Top of INFORMATION PROVIDED

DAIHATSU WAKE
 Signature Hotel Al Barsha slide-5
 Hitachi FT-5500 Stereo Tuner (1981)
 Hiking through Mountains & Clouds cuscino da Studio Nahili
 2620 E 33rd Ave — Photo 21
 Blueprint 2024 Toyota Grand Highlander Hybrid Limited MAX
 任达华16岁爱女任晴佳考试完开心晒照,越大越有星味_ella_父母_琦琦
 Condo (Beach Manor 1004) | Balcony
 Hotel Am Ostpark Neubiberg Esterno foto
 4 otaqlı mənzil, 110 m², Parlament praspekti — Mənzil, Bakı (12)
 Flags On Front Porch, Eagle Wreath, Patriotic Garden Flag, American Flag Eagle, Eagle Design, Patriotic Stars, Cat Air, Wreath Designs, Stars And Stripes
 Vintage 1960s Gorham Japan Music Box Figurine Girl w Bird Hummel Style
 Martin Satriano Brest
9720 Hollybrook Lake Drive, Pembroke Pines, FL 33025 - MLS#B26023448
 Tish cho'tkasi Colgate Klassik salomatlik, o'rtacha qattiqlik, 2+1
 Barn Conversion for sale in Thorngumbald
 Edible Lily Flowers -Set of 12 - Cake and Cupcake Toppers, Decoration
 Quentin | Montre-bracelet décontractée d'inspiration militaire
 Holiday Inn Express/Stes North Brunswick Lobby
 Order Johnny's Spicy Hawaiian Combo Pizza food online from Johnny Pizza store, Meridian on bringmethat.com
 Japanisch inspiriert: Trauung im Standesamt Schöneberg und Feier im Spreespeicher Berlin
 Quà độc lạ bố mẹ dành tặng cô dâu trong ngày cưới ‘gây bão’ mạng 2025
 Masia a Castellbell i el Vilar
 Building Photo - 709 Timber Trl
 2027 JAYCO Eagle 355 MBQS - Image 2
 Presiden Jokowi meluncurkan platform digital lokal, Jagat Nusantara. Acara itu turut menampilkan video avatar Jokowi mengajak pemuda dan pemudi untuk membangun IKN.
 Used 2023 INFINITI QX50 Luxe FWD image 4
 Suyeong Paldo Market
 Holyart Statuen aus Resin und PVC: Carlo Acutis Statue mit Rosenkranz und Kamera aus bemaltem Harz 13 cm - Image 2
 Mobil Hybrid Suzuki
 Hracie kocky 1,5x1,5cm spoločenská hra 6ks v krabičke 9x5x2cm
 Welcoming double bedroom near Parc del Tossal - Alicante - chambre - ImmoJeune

Bottom of INFORMATION PROVIDED

Beginning at the line above that contains "Blueprint 2024 Toyota", return each line exactly through the line that contains "Order Johnny's Spicy", and no others.

FINAL ANSWER:
 Blueprint 2024 Toyota Grand Highlander Hybrid Limited MAX
 任达华16岁爱女任晴佳考试完开心晒照,越大越有星味_ella_父母_琦琦
 Condo (Beach Manor 1004) | Balcony
 Hotel Am Ostpark Neubiberg Esterno foto
 4 otaqlı mənzil, 110 m², Parlament praspekti — Mənzil, Bakı (12)
 Flags On Front Porch, Eagle Wreath, Patriotic Garden Flag, American Flag Eagle, Eagle Design, Patriotic Stars, Cat Air, Wreath Designs, Stars And Stripes
 Vintage 1960s Gorham Japan Music Box Figurine Girl w Bird Hummel Style
 Martin Satriano Brest
9720 Hollybrook Lake Drive, Pembroke Pines, FL 33025 - MLS#B26023448
 Tish cho'tkasi Colgate Klassik salomatlik, o'rtacha qattiqlik, 2+1
 Barn Conversion for sale in Thorngumbald
 Edible Lily Flowers -Set of 12 - Cake and Cupcake Toppers, Decoration
 Quentin | Montre-bracelet décontractée d'inspiration militaire
 Holiday Inn Express/Stes North Brunswick Lobby
 Order Johnny's Spicy Hawaiian Combo Pizza food online from Johnny Pizza store, Meridian on bringmethat.com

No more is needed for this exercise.